IGOR FERNÁNDEZ
PSICOLOGÍA

¿Que hablemos de aquello? Ni de coña

Para qué remover el pasado cuando duele tanto? Quién no lo ha pensado alguna vez. Bien fuera un acontecimiento repentino y agudo, o bien un goteo quedo y drenante de las necesidades más básicas hasta quedarnos secos, ambas situaciones pueden sobrepasar nuestras defensas y anegarnos, dejándonos sin respuesta. Y todos hemos tenido alguna vez esta dolorosa sensación de la que solo hemos deseado huir. Así que cómo no querer apartar los recordatorios hoy cuando vuelven. De hecho, a mano tenemos un millón de pequeños gestos: encogerse de hombros, frases como «la vida es así», «no se puede echar atrás el reloj» o cambiar de tema cuando surge. Y durante un tiempo funciona, por lo menos cuando estamos prestando atención consciente a ese lugar herido en nosotros. En otros momentos, en cambio, algo sucede que nos pilla desprevenidos y de repente, nos topamos de bruces con la herida que sigue ahí. O más sutil aún, alguien que nada tiene que ver hace justo lo que hizo aquella persona que nos dañó o todo lo contrario, y bien por semejanza o por agudo contraste, nuestro cerebro más inconsciente ata cabos y reaccionamos con pensamientos, emociones, sensaciones y acciones sin siquiera darnos cuenta, como si volviéramos allí en una máquina del tiempo. Y siendo más o menos conscientes de ello, empezamos a recordar.

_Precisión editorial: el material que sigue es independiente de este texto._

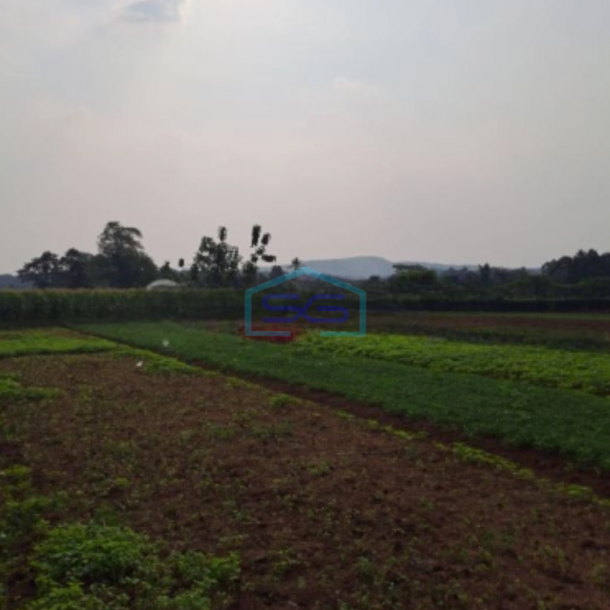 Dijual Tanah di Kemang Bojongkopasus Bogor Luas Tanah 50000m2-1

Y es que la memoria es peculiar. Por un lado, parece que hay recuerdos hundidos en el fondo de nuestra mente y al mismo tiempo, como si de un buceador se tratara, hay una boya en la superficie de la consciencia que marca el lugar donde hay actividad submarina. Y seguir conscientemente esa boya hoy, o rozarla sin querer, nos lleva directamente a reexperimentar aquello que fue tan importante. Esto son buenas y malas noticias al mismo tiempo. Malas, porque los recuerdos intensos –dolorosos– pueden estar muy a mano y revivir en circunstancias cotidianas sin que nos demos cuenta. Pero son buenas noticias, porque si aprovechamos esa línea, podemos quizás aliviar e incluso curar parte de esa herida. Con precauciones eso sí, porque igual que no dejaríamos que alguien con las manos sucias nos limpiara una herida abierta en la pierna, no parece deseable compartir esta vulnerabilidad con alguien dispuesto a juzgar antes de escuchar o con quien va a hacer que la conversación gire entorno a sí. Las heridas psicológicas también requieren de cierta asepsia y al mismo tiempo necesitan del candor de otros.

Es cierto que el pasado no se puede cambiar, pero si hay algo que caracteriza a la vivencia de estas heridas es la soledad y, por cierto, seguro que parte de la herida en sí tiene que ver con sentirse solo, sola, sin apoyo, cuando aquello pasó. Al no tocarlas se convierten en un recuerdo solitario. Las apartamos para que no duelan, pero, al hacerlo, las sacamos fuera de nuestra narrativa vital, del hilo conductor de nuestra historia, y como si no nos pertenecieran, se quedan ahí como un cuerpo extraño, como un trozo de metralla.

Si conectamos con quien nos quiere –con todo lo que esto significa– antes de hablar de ello y del otro lado, queremos a quien nos lo cuenta –si queremos su bien–, podemos empezar a tocar sin dañar de nuevo, aunque duela, para desenterrar la importancia que tuvo. Entonces valoraremos por qué tuvimos que sepultarlo y reconoceremos lo que faltó. Si hay candor, podemos hacer que no sea un secreto a solas, sino una reivindicación compartida de lo que tuvo que pasar, de lo que esa persona necesitó y no sucedió. Y así, con cuidado, recuperar la fuerza, la confianza, el sentido de ser yo de nuevo, sumergido con el recuerdo, y que dicho recuerdo pase hoy de ser el título o subtítulo más visible, a convertirse en una línea más de la historia personal.